Vida sin sorpresas. Estás resguardado. Duermes, comes, caminas, sigues viviendo, como una rata de laboratorio que un investigador negligente hubiese olvidado en su laberinto y que, día y noche, sin equivocarse nunca, sin dudar nunca, tomase el camino de su comedero, girase a la izquierda, después a la derecha, empujase dos veces una palanca bordeada en rojo para recibir su ración de alimento en papilla.
Ninguna jerarquía, ninguna preferencia. Tu indiferencia es tranquila: hombre gris para quien el gris no evoca ninguna grisalla. No insensible sino neutro. Tanto el agua como la piedra te atraen, tanto la oscuridad como la luz, tanto el calor como el frío. Sólo existe tu caminar, y tu mirada, que se posa y desliza, ignorando lo bello, lo feo, lo familiar, lo asombroso, reteniendo solamente combinaciones de luces y formas que se hacen y deshacen, sin cesar, por todas partes, en tu ojo, en los techos, a tus pies, en el cielo, en tu espejo resquebrajado, en el agua, en la piedra, en la multitud. Plazas, avenidas, jardines y bulevares, árboles y rejas, hombres y mujeres, niños y perros, esperas, tumulto, vehículos y escaparates, edificios, fachadas, columnas, capiteles, aceras, cunetas, adoquines de gres relucientes bajo la fina lluvia, grises, o casi rojos, o casi blancos, o casi negros, o casi azules, silencios, clamores, estrépito, el gentío de las estaciones, de los comercios, de los bulevares, calles abarrotadas, andenes abarrotados, calles desiertas de domingo estival, mañanas, tardes, noches, albas y crepúsculos.
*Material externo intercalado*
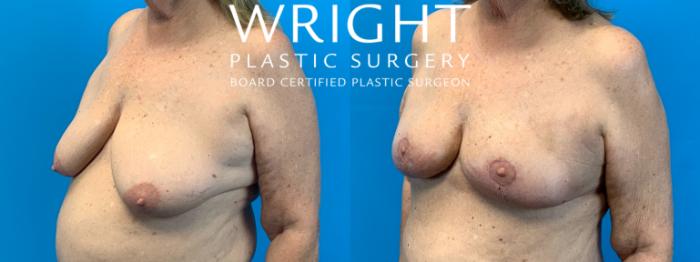 Before & After Breast Lift Case 336 Left Oblique View in Little Rock, Arkansas
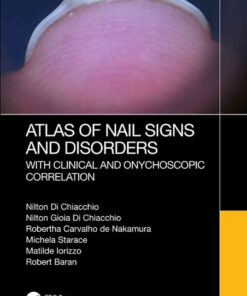 Atlas of Nail Signs and Disorders with Clinical and Onychoscopic Correlation eBook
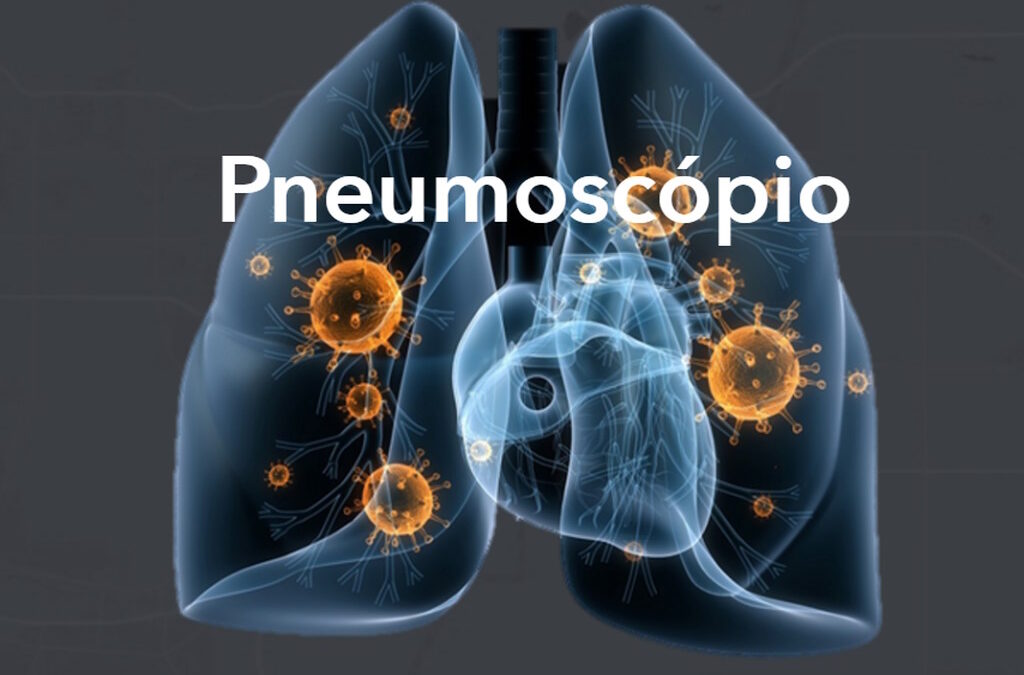 Pneumoscópio faz dois anos e alerta que “morre-se muito de pneumonia” em Portugal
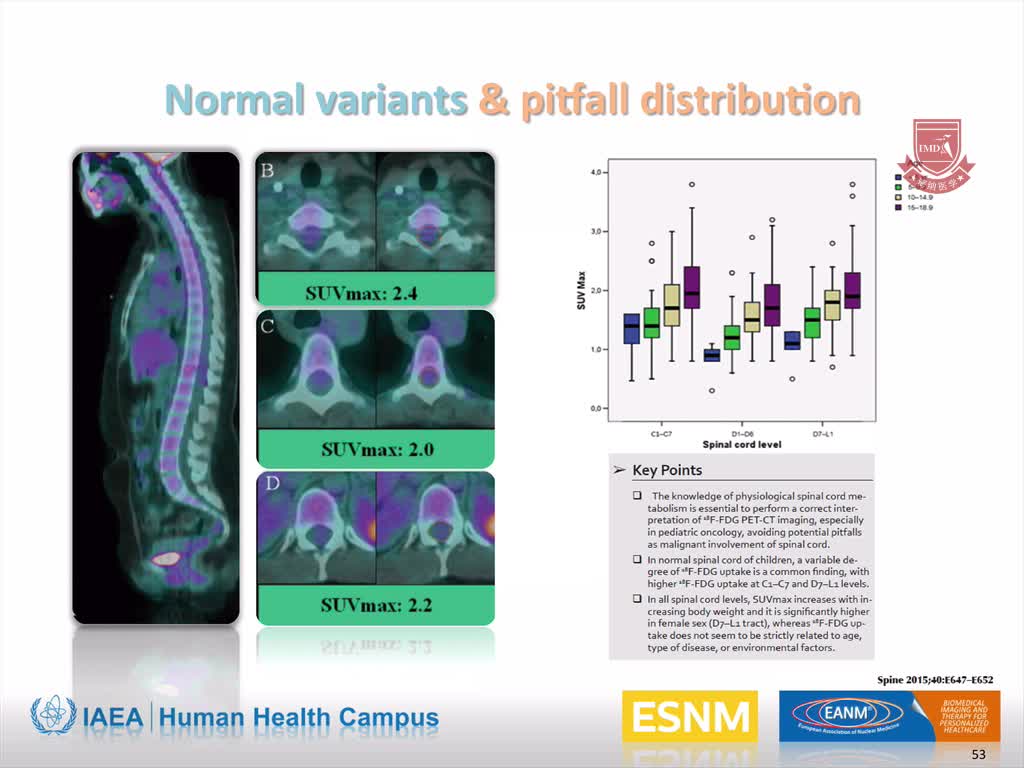 儿科：PET CT的缺陷3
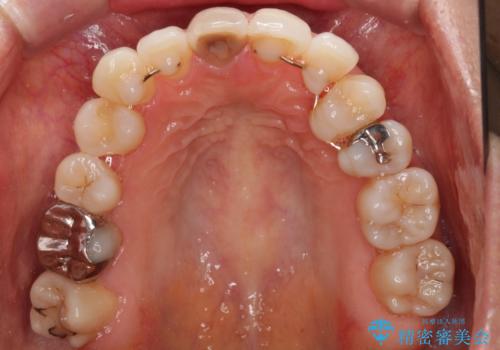 失活により変色した前歯 オールセラミッククラウンによる審美歯科治療の治療前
Ahora eres el dueño anónimo del mundo, aquél sobre el que la historia ya no tiene peso, aquél que ya no escucha cómo cae la lluvia, aquél que ya no ve cómo anochece.
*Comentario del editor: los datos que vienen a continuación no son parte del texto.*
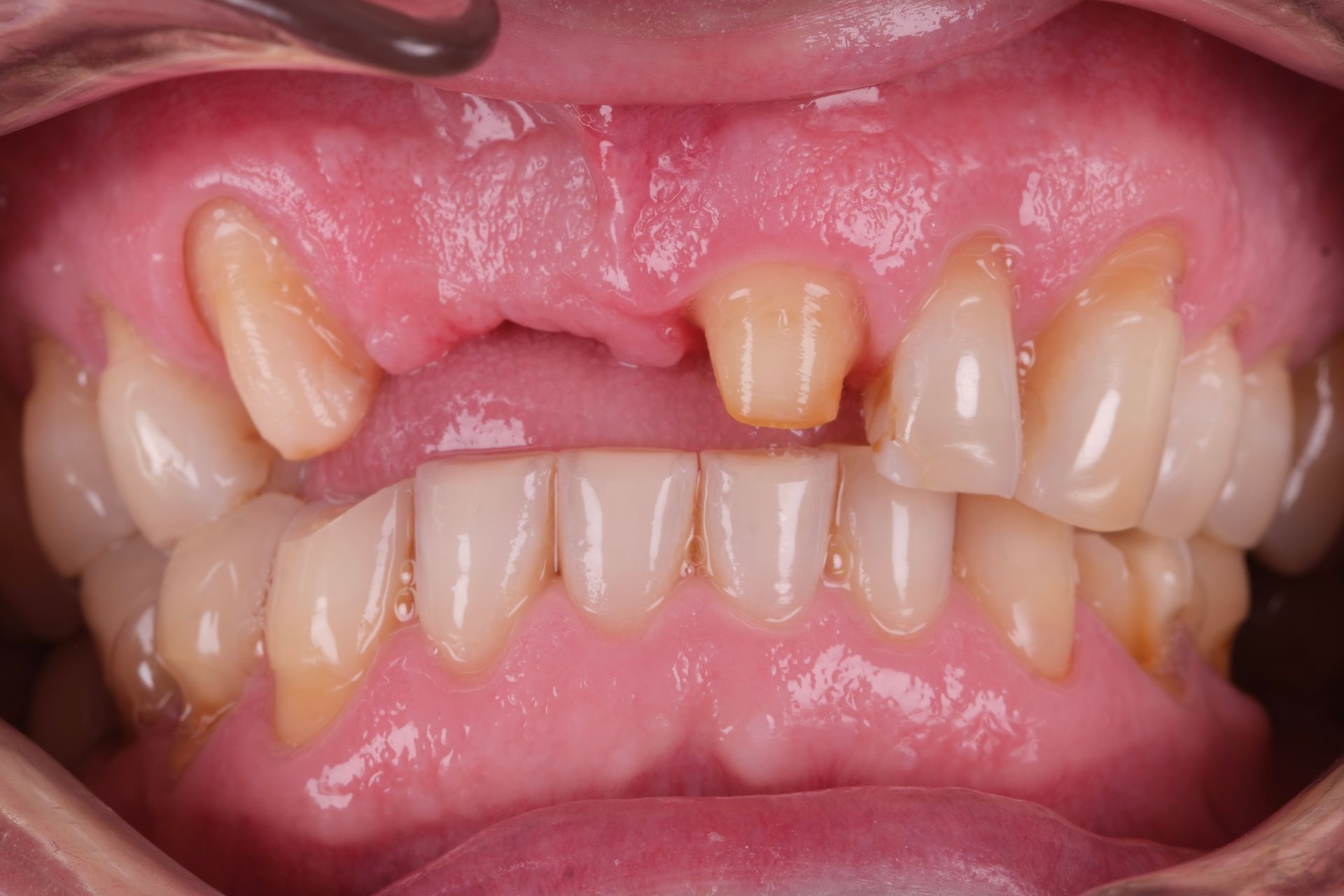 A close up of a person 's mouth with missing teeth.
No conoces sino tu propia evidencia: la de tu vida que continúa, la de tu respiración, la de tu paso, la de tu envejecimiento. Ves el ir y venir de la gente, cómo se forman y disuelven la multitud y las cosas. Ves, en el escaparate diminuto de un buhonero, una barra de cortinas en la que de pronto fijas los ojos: sigues tu camino: eres inaccesible.